Farmer groups and associations do not feature strongly in Green Revolution narratives, yet in areas of low population density and/or low (current) agricultural productivity can play a central role in improving smallholders’ access both to markets (input and output) and services. As such, strong groups and associations may be one of the keys to overcoming the coordination challenges outlined above.

Much has been made recently of the rapid rise of supermarkets in many parts of the world. Their requirement for predictable quantities of assured, high quality foods threatens the competitive position of smallholder farming systems based primarily on low labour cost. Whether – and how quickly - the rise of supermarket systems will threaten the viability of smallholder farming systems in South Asia and Africa remains to be seen. However, if smallholders are to respond to supermarket-driven changes in market systems, they will require more effective support services than they receive today.
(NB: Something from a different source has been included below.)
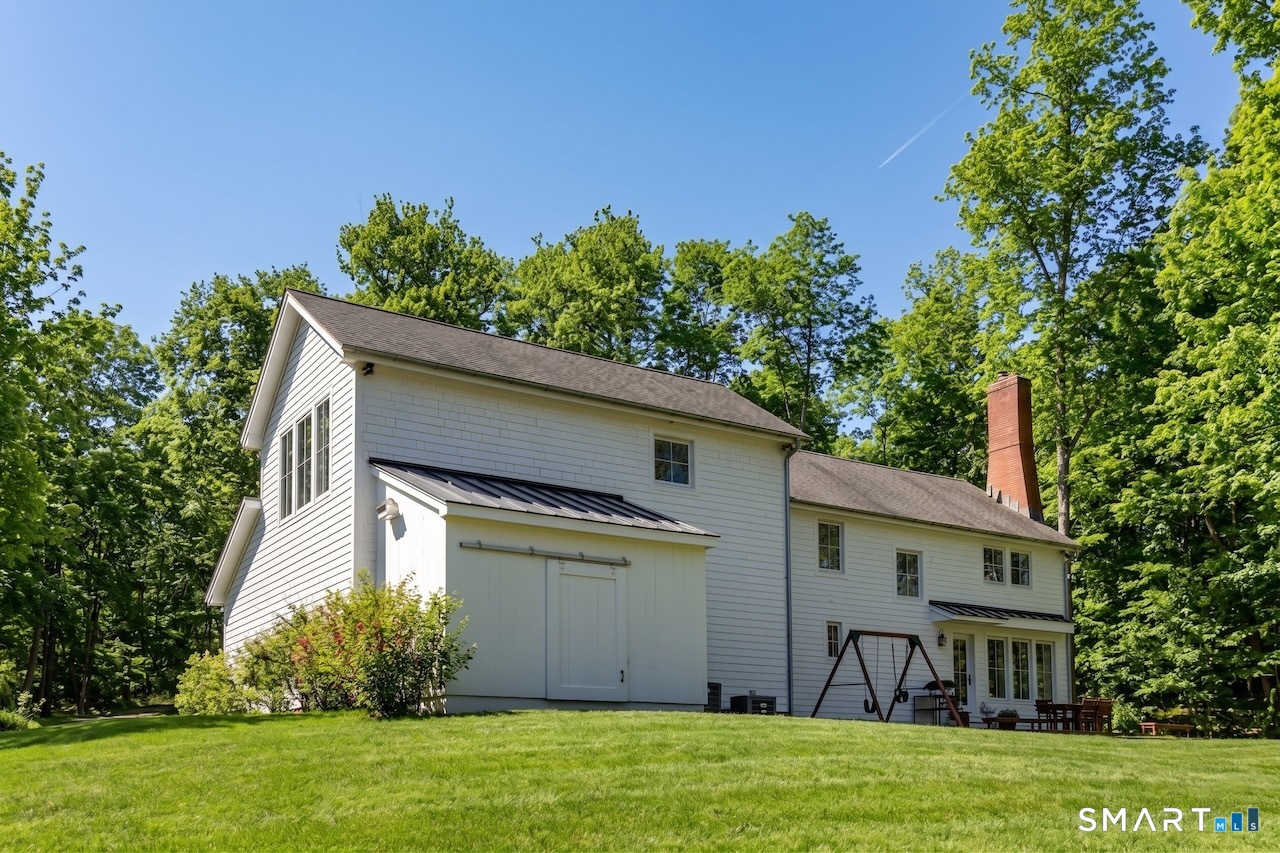 9 Old Paddock Lane Kent, CT 06785 - Photo 26 of 28 front view of a house with a yard
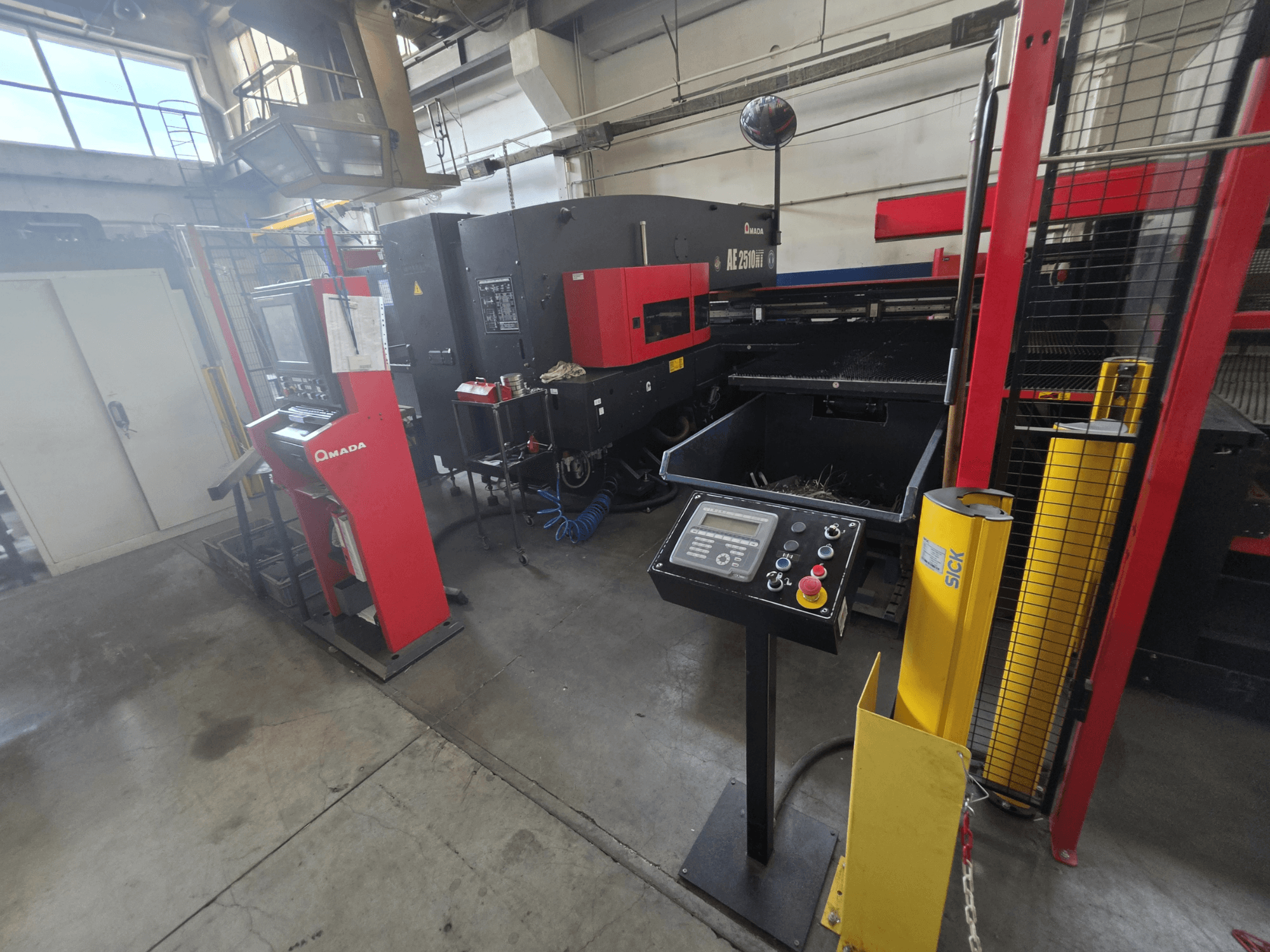 Punzonadora CNC AMADA AE-2510NT, vista frontal con el panel de control, los dispositivos de seguridad y el entorno industrial que la rodea.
The challenge of intensification and the challenge of supermarkets call for similar policy and investment responses.

Finally, for intensified smallholder agricultural and livestock production to stimulate broader rural (and urban) economic growth and poverty reduction, other markets must also function well. Efficient rural labour markets are critical (but remain a seriously under-researched area), whilst support to rural non-farm activities can multiply the benefits of growth in tradable goods production.

Questions to consider:

  1. What are the policy and investment options and priorities for improving access to land and water resources for poor households?

  2. Is agricultural supply capacity just about access to assets and better transport and communications infrastructure? If not, how should policy seek to achieve coordination across relevant support services, and between these and output market opportunities?

  3. Is there any progress in developing replicable models for financing smallholder agricultural production? If so, what role, if any, is there for public policy in promoting these?

  4. Does the key challenge for making rural markets work for the poor lie in ongoing liberalisation or in improved governance within the agricultural sector, permitting a more constructive role for the state in responding to market failures and creating the conditions for increased private sector investment?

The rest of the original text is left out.